Note from author: I plan to publish this paper in an academic journal after I do some more fine-tuning. I’m making it available here first for those of you who have the attention span to read lengthy research material.

My everlasting thanks to those from the LGBTQ community who read this and leave comments.

The Anatomy of a Modern Witch Hunt

A series of escalating moral panics defines the contemporary American political landscape, but none has been pursued with more coordinated vitriol and legislative fury than the war on transgender people. In the early 2020s, a rhetorical campaign closely associated with the rise of Trumpism and the broader far-right movement intensified its focus on transgender individuals, particularly trans women, casting them as a predatory threat to children, a menace to women’s sports, and an existential danger to the fabric of society.1 This is not a fringe phenomenon bubbling up from the dark corners of the internet; it is a centrally orchestrated strategy spearheaded by mainstream conservative figures. Governors like Ron DeSantis, senators like Ted Cruz and Marco Rubio, and a constellation of media pundits, including Matt Walsh and Ben Shapiro, have systematically weaponized anti-transgender sentiment, transforming it into a potent political tool. 2

The central accusation of this campaign is the libel of “grooming.” This term, deliberately co-opted from the field of anti-sexual violence, has been twisted into a slur to falsely and maliciously equate LGBTQ+ identity, and transgender existence in particular, with child sexual abuse.4 This allegation is, by every credible measure, a baseless conspiracy theory. Research has consistently shown that LGBTQ+ people are no more likely to abuse children sexually than their heterosexual and cisgender peers sexually; in fact, they are disproportionately the victims of such violence.4 Yet, the “groomer” narrative persists, not because it is true, but because it is useful. It serves as the engine of a manufactured moral panic, an exaggerated, widespread public fear over the perceived morality of a specific group, designed to mobilize a political base and justify a sweeping legislative assault on a vulnerable minority.6 For many Christian conservatives, this issue has become the new “biggest rallying call,” supplanting even decades-long battles over abortion and same-sex marriage.8

This report will argue that this campaign is more than just cynical political opportunism. It is a profound act of psychological projection, a defense mechanism in which a group attributes its own anxieties, transgressions, and predatory impulses onto a designated scapegoat. The relentless focus on transgender women as “perverts,” “rapists,” and “groomers” is not a reflection of the transgender community, but rather a distorted mirror held up to the accusers themselves. By analyzing the historical precedents of this rhetoric, the psychological drivers of prejudice, and the staggering hypocrisy of the figures leading the charge, a clear pattern emerges: the war on trans women is a playbook, one where the sins of the powerful are projected onto the powerless to maintain control, deflect accountability, and energize a political movement built on fear.
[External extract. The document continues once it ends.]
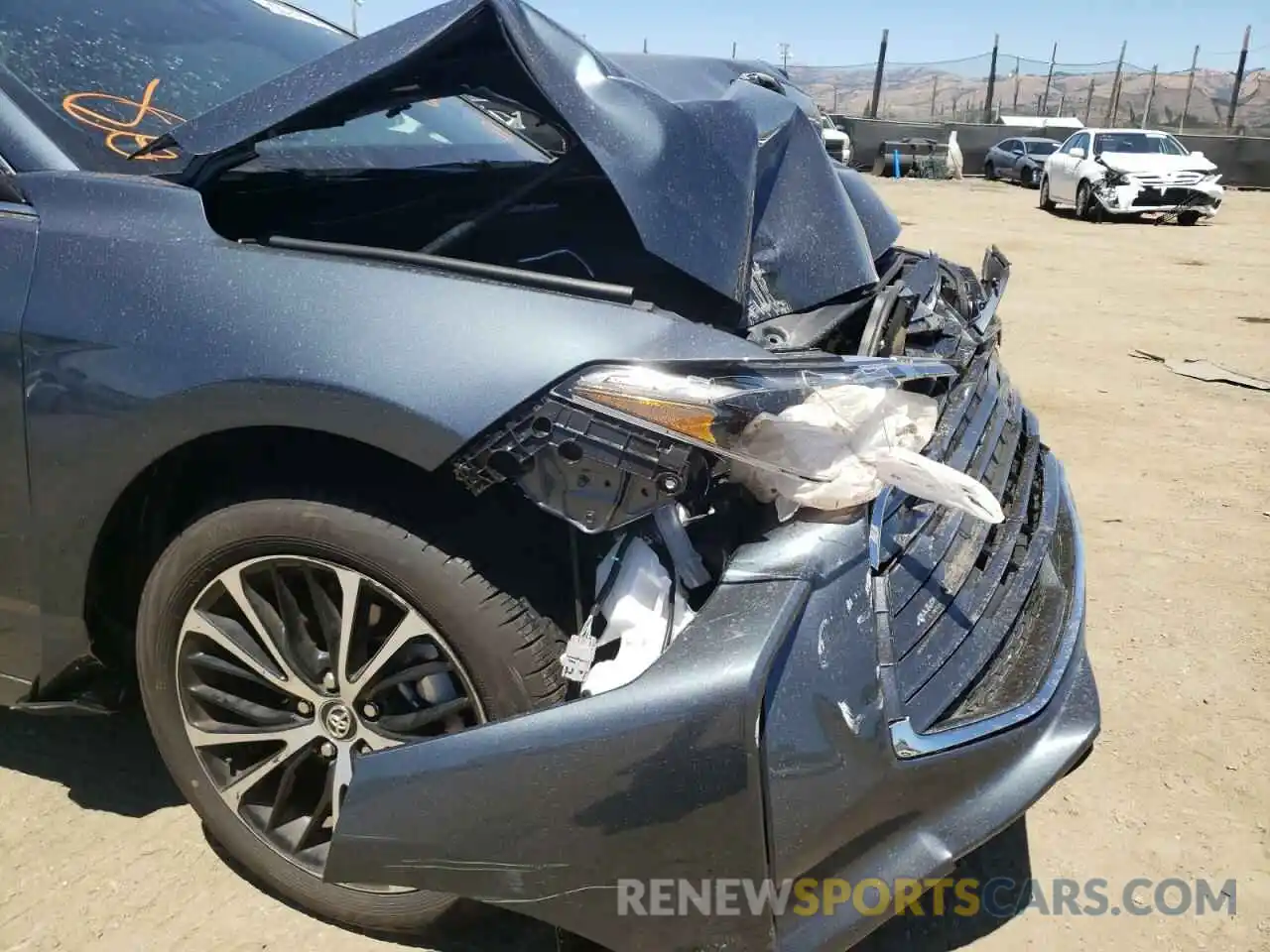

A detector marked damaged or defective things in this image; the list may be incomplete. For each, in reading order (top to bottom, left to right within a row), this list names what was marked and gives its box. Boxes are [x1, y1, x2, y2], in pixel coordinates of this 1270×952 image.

The strategic pivot from a broad anti-gay agenda to a laser-focused war on “transgender insanity” is a direct result of political calculation.9 After suffering decisive cultural and legal defeats on the issue of same-sex marriage, the political right required a new “folk devil” to keep its base energized. As Dartmouth professor Randall Balmer has noted, the evangelical base needs to be kept “riled up,” and when one issue fades, another must be found to take its place.8 Transgender people, representing a smaller, less understood, and therefore more easily demonized minority, became the ideal target. Republican strategists have been candid about this shift, openly stating that anti-trans messaging is a cornerstone of their election strategy. They believe it galvanizes their base more effectively than traditional wedge issues like crime or immigration, while successfully painting their political opponents as “ideological extremists” out of touch with mainstream values.10 When Donald Trump promises at rallies to cut federal funding for schools pushing “transgender insanity” or to “keep men out of women’s sports,” the roars of approval he receives are a testament to the strategy’s success.9 The current anti-trans moral panic is not, therefore, an organic moral outrage. It is a calculated and deliberate pivot to a target perceived as politically expedient, a vulnerable group sacrificed for the sake of electoral gain.